Non ci sarebbe bisogno di scomodare ancora una volta Bertolt Brecht per ribadire che avere degli eroi su cui cucire le sorti della storia non sempre è auspicabile. Non lo è nelle questioni sociali, ma spesso nemmeno nei più profani meccanismi narrativi contemporanei. Sicuramente di eroi, almeno in senso più tradizionale, non ha bisogno il regista spagnolo Fernando León de Aranoa nel costruire il riuscito Perfect Day, suo primo lungometraggio in lingua inglese – tratto da Dejarse llover, romanzo di Paula Farias – in una già cospicua carriera divisa fra cinema e documentario.

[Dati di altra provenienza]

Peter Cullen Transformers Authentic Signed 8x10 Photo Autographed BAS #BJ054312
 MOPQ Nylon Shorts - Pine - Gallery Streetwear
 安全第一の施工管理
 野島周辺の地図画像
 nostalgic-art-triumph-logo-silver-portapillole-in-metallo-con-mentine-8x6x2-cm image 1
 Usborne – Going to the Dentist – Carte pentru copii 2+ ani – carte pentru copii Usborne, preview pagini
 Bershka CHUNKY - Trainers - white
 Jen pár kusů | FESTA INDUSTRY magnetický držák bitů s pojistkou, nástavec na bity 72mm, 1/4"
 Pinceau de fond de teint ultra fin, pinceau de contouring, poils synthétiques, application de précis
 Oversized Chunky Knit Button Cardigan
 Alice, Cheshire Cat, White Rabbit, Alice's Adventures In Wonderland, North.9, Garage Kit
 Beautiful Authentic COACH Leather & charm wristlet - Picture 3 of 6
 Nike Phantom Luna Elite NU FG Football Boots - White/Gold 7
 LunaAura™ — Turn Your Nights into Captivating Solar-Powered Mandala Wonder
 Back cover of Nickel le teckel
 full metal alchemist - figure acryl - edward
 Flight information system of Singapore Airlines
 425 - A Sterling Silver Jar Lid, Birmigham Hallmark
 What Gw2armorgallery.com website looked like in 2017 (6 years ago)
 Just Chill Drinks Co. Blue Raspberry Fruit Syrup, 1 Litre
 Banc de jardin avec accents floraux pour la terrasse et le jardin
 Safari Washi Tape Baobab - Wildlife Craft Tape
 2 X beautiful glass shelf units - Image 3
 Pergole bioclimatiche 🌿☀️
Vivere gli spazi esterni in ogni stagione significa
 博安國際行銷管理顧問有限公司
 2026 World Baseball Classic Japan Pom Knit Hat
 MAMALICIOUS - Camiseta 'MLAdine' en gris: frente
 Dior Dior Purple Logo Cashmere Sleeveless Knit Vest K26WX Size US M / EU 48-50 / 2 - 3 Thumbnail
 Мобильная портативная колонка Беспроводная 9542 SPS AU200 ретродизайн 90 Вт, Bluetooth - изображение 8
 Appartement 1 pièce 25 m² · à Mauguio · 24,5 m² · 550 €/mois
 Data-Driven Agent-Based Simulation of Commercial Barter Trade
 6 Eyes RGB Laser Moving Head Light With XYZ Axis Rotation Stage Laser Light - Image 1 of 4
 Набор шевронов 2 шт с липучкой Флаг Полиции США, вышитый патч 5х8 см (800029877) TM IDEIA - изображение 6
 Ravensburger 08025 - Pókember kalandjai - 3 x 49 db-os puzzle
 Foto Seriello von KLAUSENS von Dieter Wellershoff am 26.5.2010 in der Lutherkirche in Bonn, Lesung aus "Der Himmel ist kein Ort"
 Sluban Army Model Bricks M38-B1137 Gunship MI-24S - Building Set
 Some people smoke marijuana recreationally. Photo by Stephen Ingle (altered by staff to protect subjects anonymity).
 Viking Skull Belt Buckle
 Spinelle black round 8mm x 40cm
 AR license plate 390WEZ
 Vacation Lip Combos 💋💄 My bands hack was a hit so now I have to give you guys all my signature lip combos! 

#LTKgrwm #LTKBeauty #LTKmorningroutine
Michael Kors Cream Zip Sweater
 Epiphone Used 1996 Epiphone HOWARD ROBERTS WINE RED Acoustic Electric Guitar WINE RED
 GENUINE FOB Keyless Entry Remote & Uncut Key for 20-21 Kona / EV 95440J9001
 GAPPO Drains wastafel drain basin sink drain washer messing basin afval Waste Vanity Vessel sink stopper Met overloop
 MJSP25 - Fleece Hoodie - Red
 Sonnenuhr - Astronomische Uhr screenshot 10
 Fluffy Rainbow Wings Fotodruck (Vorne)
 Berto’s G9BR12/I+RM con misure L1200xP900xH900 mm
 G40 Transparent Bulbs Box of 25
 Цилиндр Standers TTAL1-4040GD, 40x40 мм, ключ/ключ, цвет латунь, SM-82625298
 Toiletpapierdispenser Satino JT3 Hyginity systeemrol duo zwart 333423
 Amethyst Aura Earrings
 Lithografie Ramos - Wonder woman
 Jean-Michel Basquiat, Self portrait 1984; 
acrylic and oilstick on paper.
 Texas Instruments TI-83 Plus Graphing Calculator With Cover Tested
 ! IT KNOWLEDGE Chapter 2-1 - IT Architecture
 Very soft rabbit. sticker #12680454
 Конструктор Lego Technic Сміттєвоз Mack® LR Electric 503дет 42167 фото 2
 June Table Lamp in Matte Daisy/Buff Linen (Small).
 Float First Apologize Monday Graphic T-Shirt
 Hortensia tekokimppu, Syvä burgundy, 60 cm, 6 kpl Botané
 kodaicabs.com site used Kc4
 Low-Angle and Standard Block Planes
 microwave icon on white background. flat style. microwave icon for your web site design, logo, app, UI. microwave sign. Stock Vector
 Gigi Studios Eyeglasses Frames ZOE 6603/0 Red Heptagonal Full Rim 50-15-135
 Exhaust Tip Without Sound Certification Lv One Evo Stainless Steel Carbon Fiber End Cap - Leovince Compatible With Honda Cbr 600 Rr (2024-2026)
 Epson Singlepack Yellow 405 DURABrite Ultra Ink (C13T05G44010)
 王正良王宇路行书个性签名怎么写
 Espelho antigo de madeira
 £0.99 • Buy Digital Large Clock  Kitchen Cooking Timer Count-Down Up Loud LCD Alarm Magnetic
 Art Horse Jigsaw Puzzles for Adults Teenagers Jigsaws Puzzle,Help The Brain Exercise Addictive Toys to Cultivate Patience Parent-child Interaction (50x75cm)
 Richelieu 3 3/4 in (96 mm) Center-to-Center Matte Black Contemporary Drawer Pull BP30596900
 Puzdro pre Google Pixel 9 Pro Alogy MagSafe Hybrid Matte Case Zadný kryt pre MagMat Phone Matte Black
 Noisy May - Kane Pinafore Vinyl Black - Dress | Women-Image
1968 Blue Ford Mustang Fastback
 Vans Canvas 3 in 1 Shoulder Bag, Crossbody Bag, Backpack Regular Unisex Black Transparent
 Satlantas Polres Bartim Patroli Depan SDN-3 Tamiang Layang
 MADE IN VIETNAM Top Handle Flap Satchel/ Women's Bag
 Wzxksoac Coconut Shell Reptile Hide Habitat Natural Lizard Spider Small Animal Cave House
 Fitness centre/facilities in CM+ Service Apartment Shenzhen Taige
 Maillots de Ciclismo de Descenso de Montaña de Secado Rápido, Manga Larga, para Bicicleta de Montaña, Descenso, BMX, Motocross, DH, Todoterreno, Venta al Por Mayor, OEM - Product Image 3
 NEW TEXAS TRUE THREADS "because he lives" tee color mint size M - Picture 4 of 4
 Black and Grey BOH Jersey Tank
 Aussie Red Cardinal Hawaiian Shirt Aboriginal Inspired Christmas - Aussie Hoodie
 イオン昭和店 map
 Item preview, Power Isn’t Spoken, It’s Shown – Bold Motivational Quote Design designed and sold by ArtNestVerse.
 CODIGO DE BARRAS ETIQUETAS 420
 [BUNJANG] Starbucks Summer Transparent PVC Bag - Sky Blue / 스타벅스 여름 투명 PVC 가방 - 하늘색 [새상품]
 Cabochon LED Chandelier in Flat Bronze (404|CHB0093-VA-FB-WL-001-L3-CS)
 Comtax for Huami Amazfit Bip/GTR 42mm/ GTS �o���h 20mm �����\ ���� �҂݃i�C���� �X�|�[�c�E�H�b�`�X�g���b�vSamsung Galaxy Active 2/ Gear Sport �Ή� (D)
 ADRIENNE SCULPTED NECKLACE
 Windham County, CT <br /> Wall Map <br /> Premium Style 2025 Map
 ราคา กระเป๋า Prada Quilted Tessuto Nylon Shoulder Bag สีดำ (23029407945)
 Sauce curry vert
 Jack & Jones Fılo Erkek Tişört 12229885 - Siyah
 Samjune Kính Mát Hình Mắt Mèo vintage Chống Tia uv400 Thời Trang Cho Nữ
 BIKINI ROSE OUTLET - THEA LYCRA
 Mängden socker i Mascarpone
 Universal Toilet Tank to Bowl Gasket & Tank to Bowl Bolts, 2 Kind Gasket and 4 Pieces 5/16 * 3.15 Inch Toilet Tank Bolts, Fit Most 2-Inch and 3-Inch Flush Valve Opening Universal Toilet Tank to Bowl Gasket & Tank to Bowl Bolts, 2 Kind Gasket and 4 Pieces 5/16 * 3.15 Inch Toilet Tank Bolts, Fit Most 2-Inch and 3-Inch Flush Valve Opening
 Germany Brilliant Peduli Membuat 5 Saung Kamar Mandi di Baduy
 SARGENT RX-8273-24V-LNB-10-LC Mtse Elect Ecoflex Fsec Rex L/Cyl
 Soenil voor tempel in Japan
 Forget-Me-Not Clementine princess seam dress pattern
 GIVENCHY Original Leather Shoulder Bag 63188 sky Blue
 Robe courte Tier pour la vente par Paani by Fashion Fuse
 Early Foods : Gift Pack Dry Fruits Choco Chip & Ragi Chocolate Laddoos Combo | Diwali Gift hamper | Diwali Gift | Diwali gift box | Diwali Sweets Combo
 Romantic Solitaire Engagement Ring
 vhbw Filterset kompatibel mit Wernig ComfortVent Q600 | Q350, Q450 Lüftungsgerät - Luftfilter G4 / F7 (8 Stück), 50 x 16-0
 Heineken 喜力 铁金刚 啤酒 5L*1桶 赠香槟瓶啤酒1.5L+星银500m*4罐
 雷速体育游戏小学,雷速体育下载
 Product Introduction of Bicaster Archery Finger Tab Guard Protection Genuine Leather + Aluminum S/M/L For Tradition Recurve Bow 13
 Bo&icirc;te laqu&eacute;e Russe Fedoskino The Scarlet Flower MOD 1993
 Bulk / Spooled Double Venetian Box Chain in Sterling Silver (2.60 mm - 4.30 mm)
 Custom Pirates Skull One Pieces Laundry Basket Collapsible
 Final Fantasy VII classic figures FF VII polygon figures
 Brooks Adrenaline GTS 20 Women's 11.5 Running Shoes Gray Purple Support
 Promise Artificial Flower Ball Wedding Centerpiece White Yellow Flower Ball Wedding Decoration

Mambrù (Benicio del Toro), B (Tim Robbins), Sophie (Mélanie Thierry) e Katya (Olga Kurylenko) sono infatti quatto semplici operatori umanitari – con i loro difetti, preoccupazioni e bisogni – ritrovatisi a lavorare insieme fra le montagne della Bosnia alla metà degli anni Novanta. A unirli, il tentativo comune di liberare un pozzo dal cadavere di un uomo gettato lì per inquinarne le acque e impedire quindi il sostentamento degli inermi civili che abitano la zona. Piuttosto quattro antieroi, dunque, costretti loro malgrado a inseguire e difendere una causa più grande di loro. Tutt’intorno i carri armati, i Caschi Blu, la crudele presenza delle mine, ci ricordano che siamo in uno scenario di guerra, con le sue logiche contorte, le follie quotidiane, le corse contro il tempo, mentre a rimetterci sono ovviamente le masse di civili coinvolte nella tragedia.

Ma il punto di forza di Perfect Day è quello di riuscire a prendere parte, schierarsi apertamente, senza per questo ricorrere al facile dualismo retorico puri-impuri, amici-nemici. E per farlo, Aranoa mette in gioco massicce dosi di ironia, poste quasi chirurgicamente lì dove sembra che il discorso stia per assumere i toni più cupi. In questo meccanismo si muovono a loro agio Benicio del Toro e Tim Robbins, impeccabili nel tenere testa anche nei pochi momenti in cui il plot pare perdere giri e impantanarsi.

Aranoa costruisce quindi un immaginario credibile, verosimile nei meccanismi ma anche, allo stesso tempo, paradossale nel riportare con forza a terra i discorsi più aulici: mancando volutamente di retorica, il film sceglie allora di tralasciare le ragioni profonde, le analisi e gli episodi concreti che puntellano questa guerra. Ne fuoriesce, come afferma lo stesso regista, una sorta di matrioska: “c’è un dramma dentro la commedia, dentro un road movie, dentro un film di guerra”. Il tutto si tiene insieme senza far pesare i diversi cambi di registro, ma anzi traendo forza dalla continua dinamica alto-basso, comico-tragico che ne sorge, e questo, fidatevi, non è poco.